In an Argand diagram, the complex numbers $ 0, z, ze^{i\pi/6} $ are represented by the points O, A and B respectively.

i) Sketch a possible Argand diagram showing OAB. Show that the triangle is isoceles and state the size of the angle AOB.

(I was okay with this first bit)

ii) Complex numbers $1+i , 5+2i$ are represented by C and D. Complex number $w$ is represented by E such that $CD=CE$ and angle $DCE =\pi /6 $ .

Calculate possible values of $w$, giving answers exactly in form $a+bi$ .

What I attempted to do was to firstly draw the triangle out again, as it was similar to the first part.

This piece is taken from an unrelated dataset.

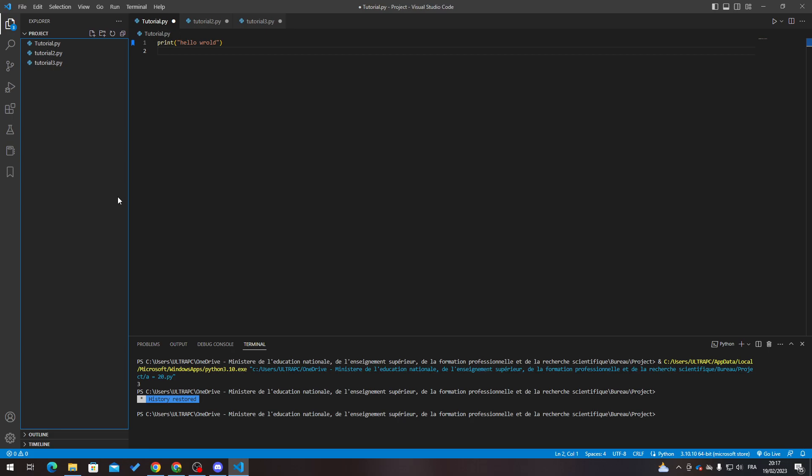Hello guys and welcome back to a brand new video. In today's tutorial I will be showing you how to name a file in Visual Studio Code.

I then tried to treat C as the origin so worked out that $D= 4+i$ and $E= (a-1) + (b-1)i$.

I worked out the distance between $CD= \sqrt{17} $ so tried to do $\sqrt{(a-1)^{2} +(b-1)^{2} } =\sqrt{17} $ I then worked out that $tan^{-1}(1/4) $ to find the length of CD and added $\pi /6 $ to find the argument of E treating C as the origin. Then subbed in $b/a = tanANS $ and tried to solve simultaneously with my last equation.

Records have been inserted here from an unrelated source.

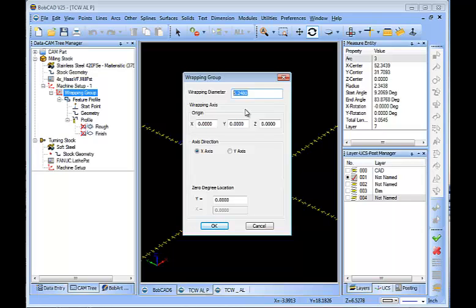And when I first went through this job, I had not properly defined the wrapping group. So when it was cutting in the simulation, it was simulating all wrong. And then I recalled that I had to adjust that wrapping diameter. In doing so, it generates the toolpath in the proper position. So that's a very important feature.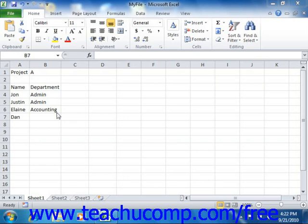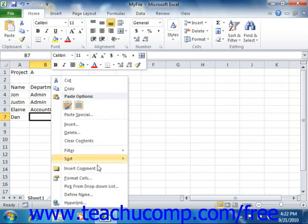To do this, simply right-click the cell that appears at the end of the unbroken column of text entries and choose the Pick From Dropdown List command.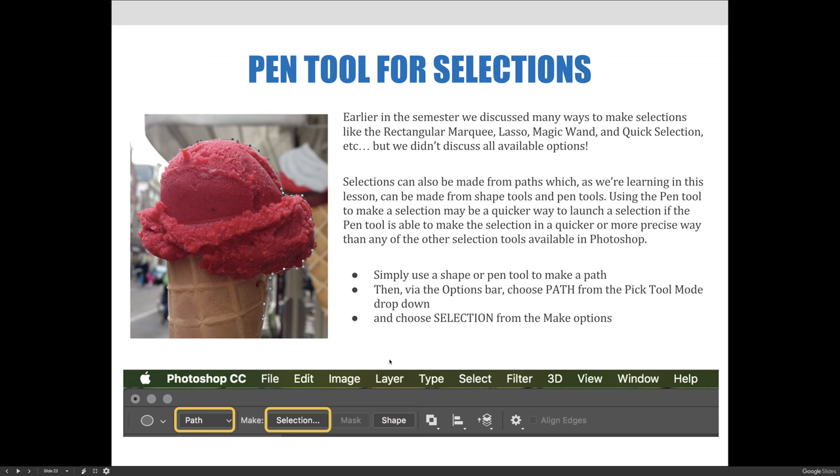To make a selection from a path, follow these three steps. First, use a shape or pen tool to make a path. Second, via the options bar, choose path from the pick tool mode drop down. And last, choose selection from the make options on the options bar.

This gave me the wrong answer. Is this approach invalid? How would I otherwise go about this problem? Thanks in advance for any advice, I reallly appreciate it! :)

edit complete workings

$$ tan^{-1} (1/4) = 0.2498\\ =\pi/6 =0.7686\\ argE =0.7686\\ b/a = tan0.7686\\ =0.9667, 2.5375\\ b= 0.9667a, 2.5475a\\ (0.997b-1)^{2} + (b-1)^{2} =17\\ $$

gave up here as the question says exact answers and by this point it looks like something has probably gone wrong.

MARK SCHEME ANSWERS

$$ w= (1+i)+((5+2i)-(1+i))e^{\pm i\pi/6} \\ w+ 1/2 +2\sqrt{3} +(3+1/2\sqrt{3})i\\ or 3/2 +2\sqrt{3} +(-1+1/2\sqrt{3})i\\ alternative \\ CE=(a,b), CD=(4,1)\\ CE*CD =17cos{\pi/6}, CE^{2} =17 \\ 4a +b = 17\sqrt{3}/2, a^2 + b^2 =17 \\ Obtain~3-term~quadratic~in~one~variable~and~solve \\ (a,b) =(\sqrt{3} \pm 1/2 , 1/2 \sqrt{3} \mp 2) $$

(also sorry about the mildly dodgy LaTex, I'm not that used to it yet! )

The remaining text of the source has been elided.